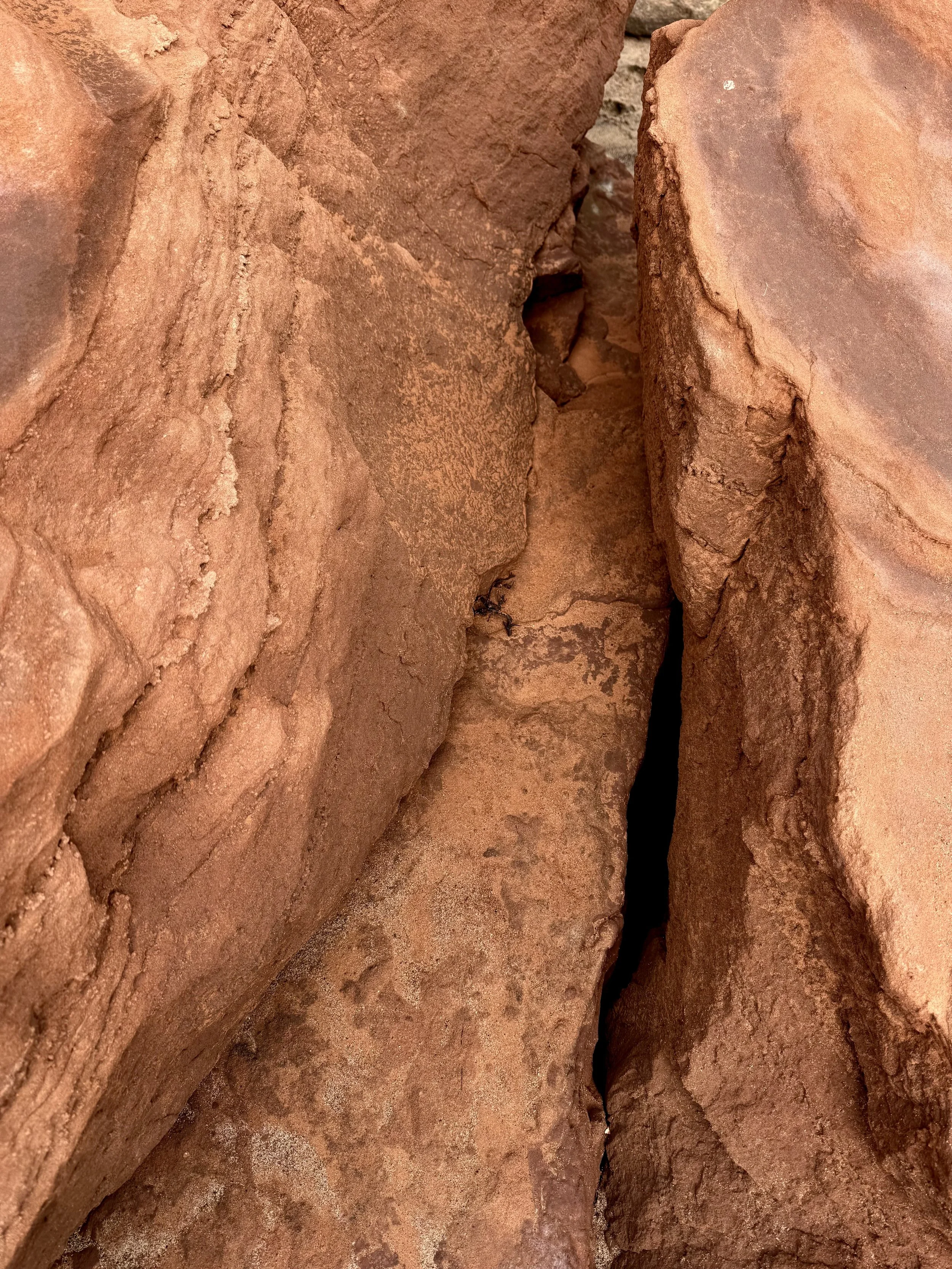 Close-up of reddish-brown rocks or bricks with a deep narrow crevice between them.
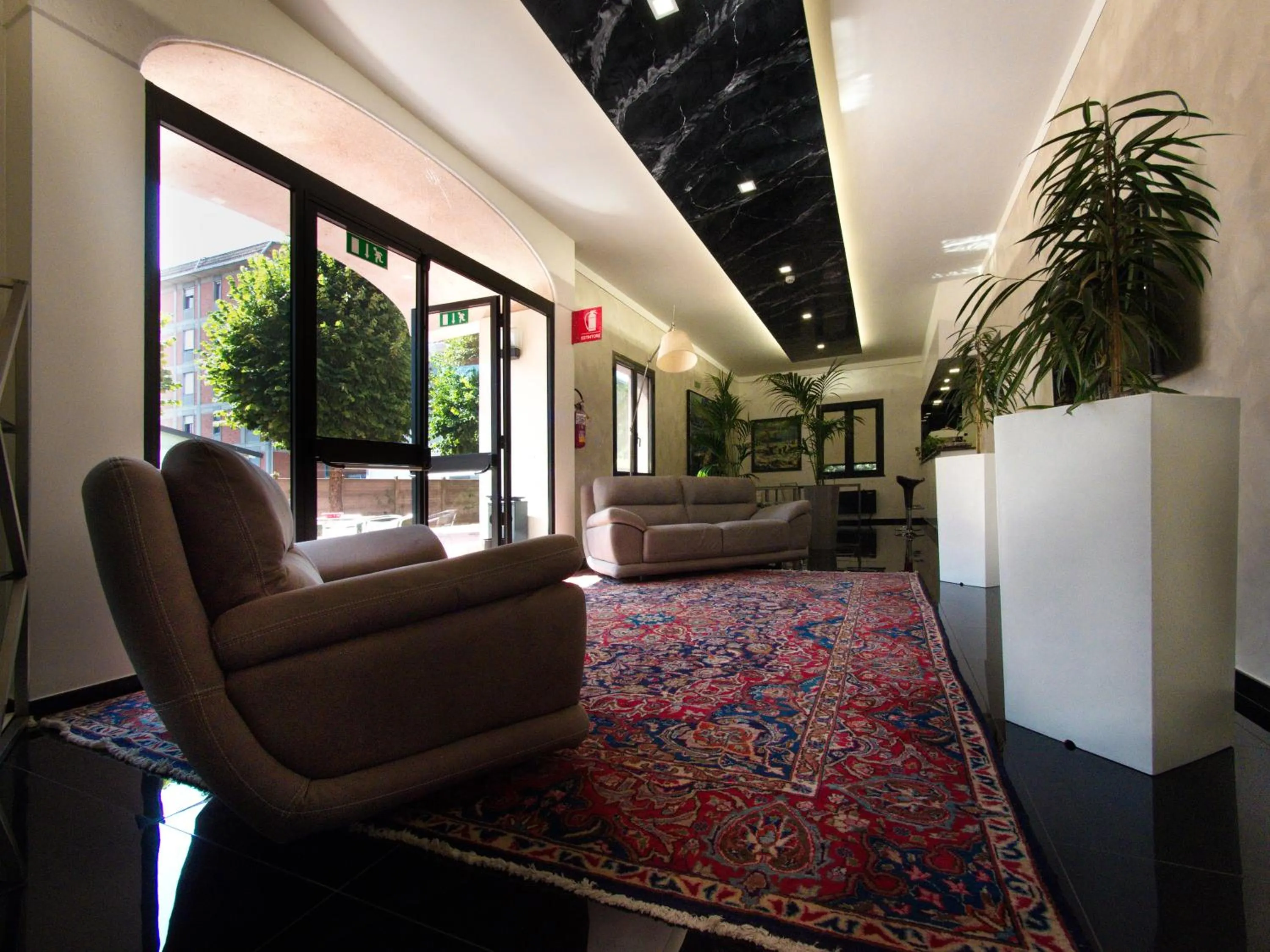 Lobby or reception in Hotel Versailles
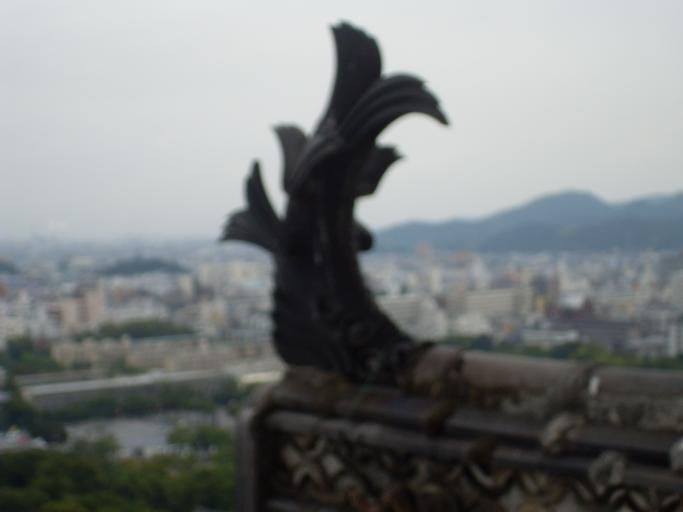 Shachihoko w Himeji.JPG Shachihoko a fish-shaped ornament on the roof of Himeji Castle Japan Own 2008-09-18 Wicki Shachi Himeji Castle Keep Tower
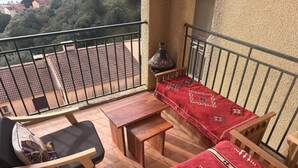 Uma varanda com uma mesa de madeira, duas cadeiras e um sofá coberto por um cobertor vermelho estampado.
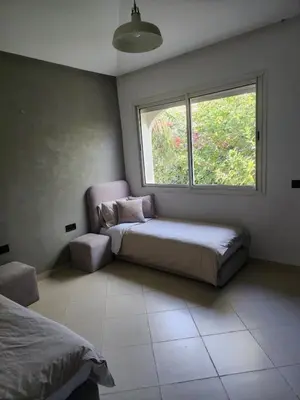 a bedroom with a bed and a window in it at Azure's House in Fès
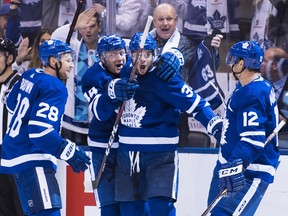 Maple Leafs centre Auston Matthews (34) celebrates the game-winning goal with teammates Morgan Rielly (44) Patrick Marleau (12) and Connor Brown (28) during overtime against the Montreal Canadiens in Toronto on Wednesday, Oct. 3, 2018. (NATHAN DENETTE/THE CANADIAN PRESS)
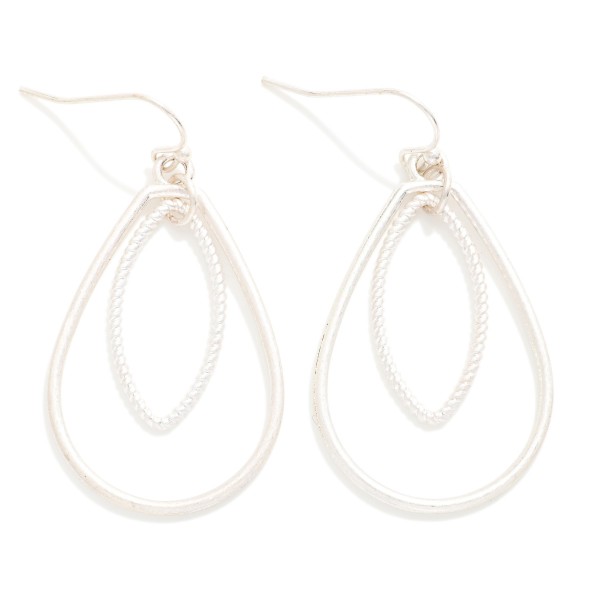 Textured Teardrop Drop Earrings featuring an open teardrop frame with a beaded marquise shape layered inside. The nested silhouette creates dimension and catches the light with every turn. Lightweight fishhook wires keep them comfortable all day. An elegant everyday earring that dresses up a simple outfit, perfect for work, church, and weekend wear.
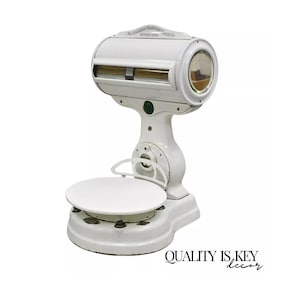 May include: An antique white scale with a round platform and a curved display. The scale has a large, circular dial and a decorative top with text. The base is ornate, and the overall design is vintage.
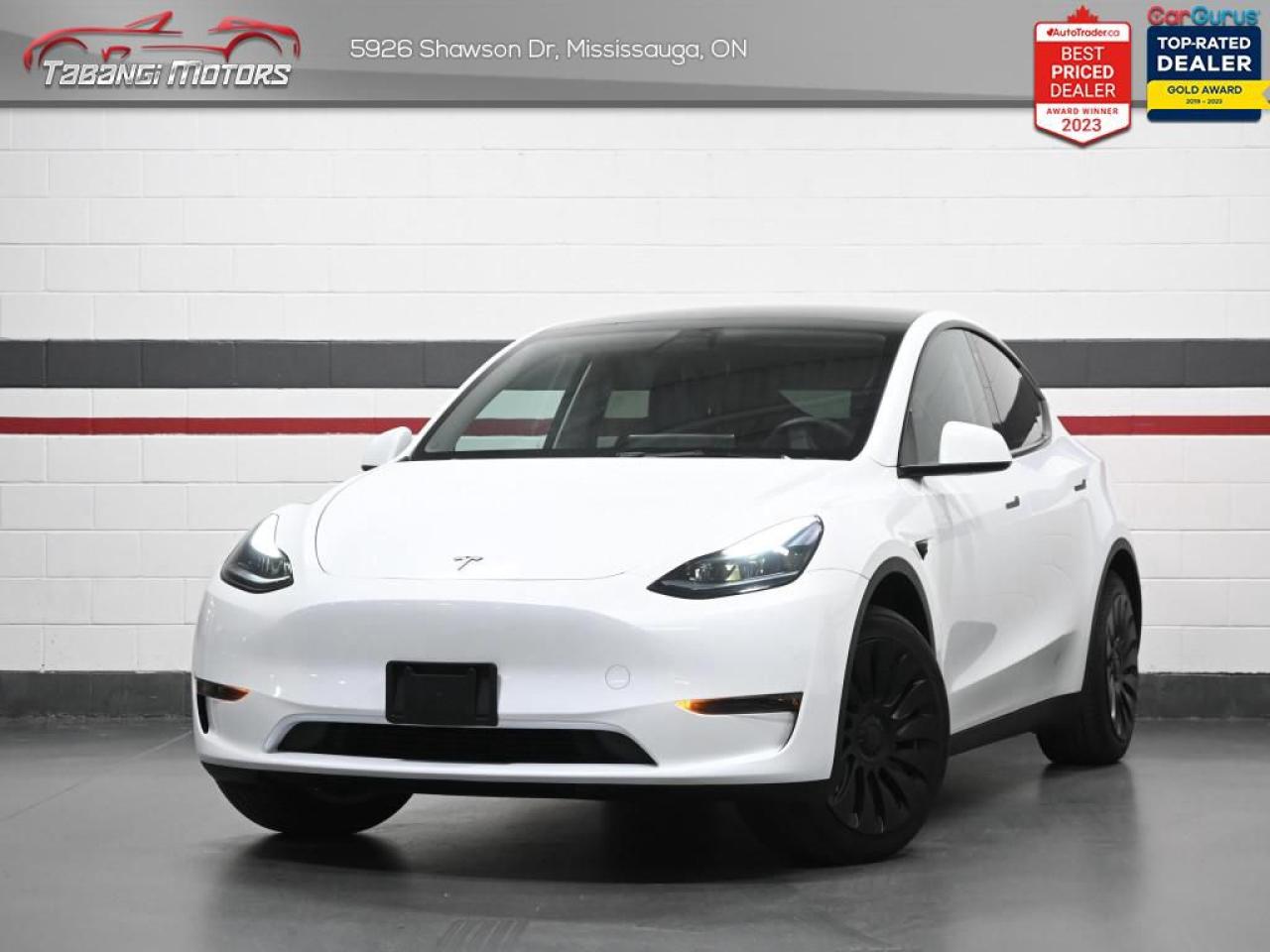 <b>Navigation, Glass Roof, Lane Departure Warning, Forward Collision Warning, Heated Steering Wheel, Front & Rear Heated Seats, Netflix, Disney+, YouTube supported & Much more! </b><br>  Tabangi Motors is family owned and operated for over 20 years and is a trusted member of the Used Car Dealer Association (UCDA). Our goal is not only to provide you with the best price, but, more importantly, a quality, reliable vehicle, and the best customer service. Visit our new 25,000 sq. ft. building and indoor showroom and take a test drive today! Call us at 905-670-3738 or email us at customercare@tabangimotors.com to book an appointment. <br><hr></hr>CERTIFICATION: Have your new pre-owned vehicle certified at Tabangi Motors! We offer a full safety inspection exceeding industry standards including oil change and professional detailing prior to delivery. Vehicles are not drivable, if not certified. The certification package is available for $595 on qualified units (Certification is not available on vehicles marked As-Is). All trade-ins are welcome. Taxes and licensing are extra.<br><hr></hr><br> <br><iframe width=100% height=350 src=https://www.youtube.com/embed/F_9U5jc92ao?si=86Tabpk2sbI670uO title=YouTube video player frameborder=0 allow=accelerometer; autoplay; clipboard-write; encrypted-media; gyroscope; picture-in-picture; web-share referrerpolicy=strict-origin-when-cross-origin allowfullscreen></iframe><br><br><br>   This 2023 Model Y is an extremely versatile and capable mid-size electric SUV. This  2023 Tesla Model Y is fresh on our lot in Mississauga. <br> <br>This 2023 Tesla Model Y is engineered to masterfully blend efficient EV driving dynamics with unparalleled versatility, capability, and protection. The exterior styling features fluid and minimalist body lines with exemplary aerodynamic design, to create an overall attractive package. The interior space is a tech-lovers dream, loaded with cutting-edge connectivity and infotainment systems, in addition to well-built interior panels and premium trim materials.This  SUV has 44,415 kms. Its  white in colour  . It has an automatic transmission and is powered by a  Single Motor: Rear AC Permanent Magnet Synchronous engine.  This vehicle has been upgraded with the following features: Air, Rear Air, Tilt, Cruise, Power Windows, Power Locks, Power Mirrors. <br> <br>To apply right now for financing use this link : <a href=https://tabangimotors.com/apply-now/ target=_blank>https://tabangimotors.com/apply-now/</a><br><br> <br/><br>SERVICE: Schedule an appointment with Tabangi Service Centre to bring your vehicle in for all its needs. Simply click on the link below and book your appointment. Our licensed technicians and repair facility offer the highest quality services at the most competitive prices. All work is manufacturer warranty approved and comes with 2 year parts and labour warranty. Start saving hundreds of dollars by servicing your vehicle with Tabangi. Call us at 905-670-8100 or follow this link to book an appointment today! https://calendly.com/tabangiservice/appointment. <br><hr></hr>PRICE: We believe everyone deserves to get the best price possible on their new pre-owned vehicle without having to go through uncomfortable negotiations. By constantly monitoring the market and adjusting our prices below the market average you can buy confidently knowing you are getting the best price possible! No haggle pricing. No pressure. Why pay more somewhere else?<br><hr></hr>WARRANTY: This vehicle qualifies for an extended warranty with different terms and coverages available. Dont forget to ask for help choosing the right one for you.<br><hr></hr>FINANCING: No credit? New to the country? Bankruptcy? Consumer proposal? Collections? You dont need good credit to finance a vehicle. Bad credit is usually good enough. Give our finance and credit experts a chance to get you approved and start rebuilding credit today!<br> o~o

• _Task requirements_
Please set down only the lines from the first line of the records above through the line that has "a bedroom with", exactly, and not the pictures.

• _Written response_
 Close-up of reddish-brown rocks or bricks with a deep narrow crevice between them.
 Lobby or reception in Hotel Versailles
 Shachihoko w Himeji.JPG Shachihoko a fish-shaped ornament on the roof of Himeji Castle Japan Own 2008-09-18 Wicki Shachi Himeji Castle Keep Tower
 Uma varanda com uma mesa de madeira, duas cadeiras e um sofá coberto por um cobertor vermelho estampado.
 a bedroom with a bed and a window in it at Azure's House in Fès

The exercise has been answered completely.